Entries provided
+++

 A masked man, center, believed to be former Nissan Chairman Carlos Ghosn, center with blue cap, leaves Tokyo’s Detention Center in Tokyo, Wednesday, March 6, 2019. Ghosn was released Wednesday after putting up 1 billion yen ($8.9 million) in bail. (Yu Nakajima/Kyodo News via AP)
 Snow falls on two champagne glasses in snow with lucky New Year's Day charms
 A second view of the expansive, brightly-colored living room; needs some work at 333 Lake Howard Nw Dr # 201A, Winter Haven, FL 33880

+++

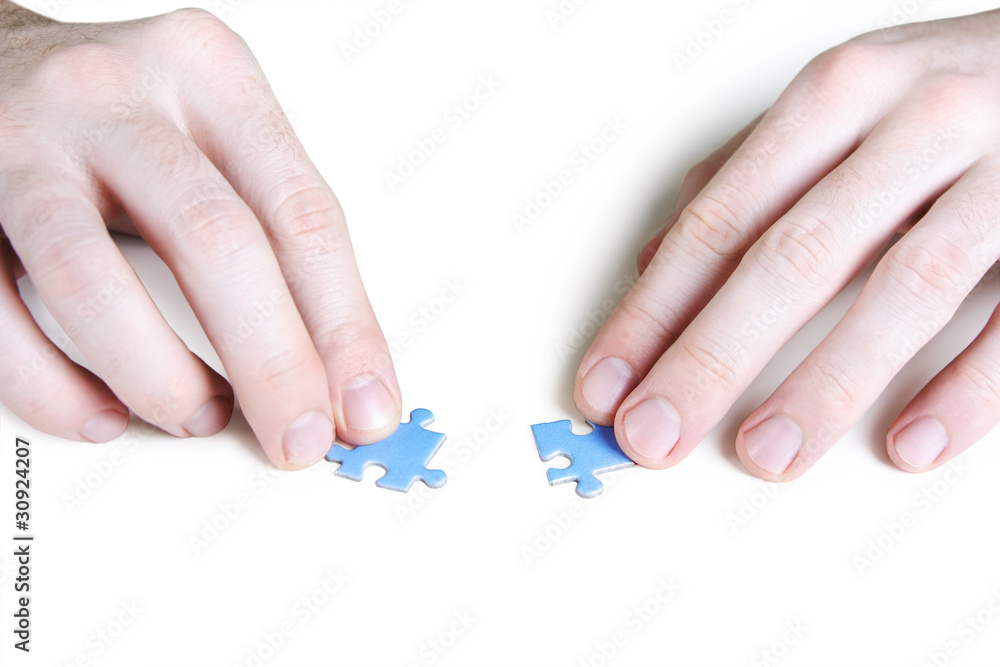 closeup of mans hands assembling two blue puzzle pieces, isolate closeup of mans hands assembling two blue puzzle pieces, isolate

+++

Work instruction
Scan the material and collect every line that contains "with".

Task response
 A masked man, center, believed to be former Nissan Chairman Carlos Ghosn, center with blue cap, leaves Tokyo’s Detention Center in Tokyo, Wednesday, March 6, 2019. Ghosn was released Wednesday after putting up 1 billion yen ($8.9 million) in bail. (Yu Nakajima/Kyodo News via AP)
 Snow falls on two champagne glasses in snow with lucky New Year's Day charms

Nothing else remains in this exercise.